WHAT YOU SHOULD DO
Retype the lines below exactly, from the one that contains "14K White Gold" through the last, and leave every picture out.

INFORMATION SHOWN
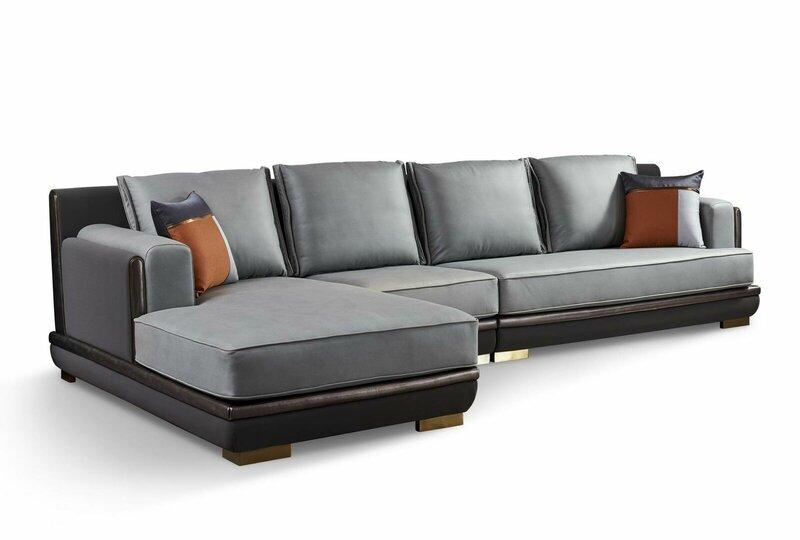 Modern style made of real wooden L-shape corner sofa, 180x200cm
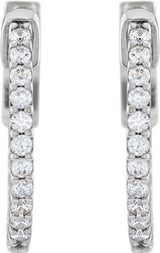 14K White Gold 1/3 CTW Natural Diamond Inside-Outside 15.5 mm Hinged Hoop Earrings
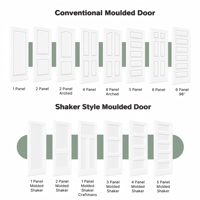 Porte intérieure pré-moulurée style Shaker, panneau unique, alvéolée, apprêtée blanche, pour maisons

RESULT OF THIS TASK
 14K White Gold 1/3 CTW Natural Diamond Inside-Outside 15.5 mm Hinged Hoop Earrings
 Porte intérieure pré-moulurée style Shaker, panneau unique, alvéolée, apprêtée blanche, pour maisons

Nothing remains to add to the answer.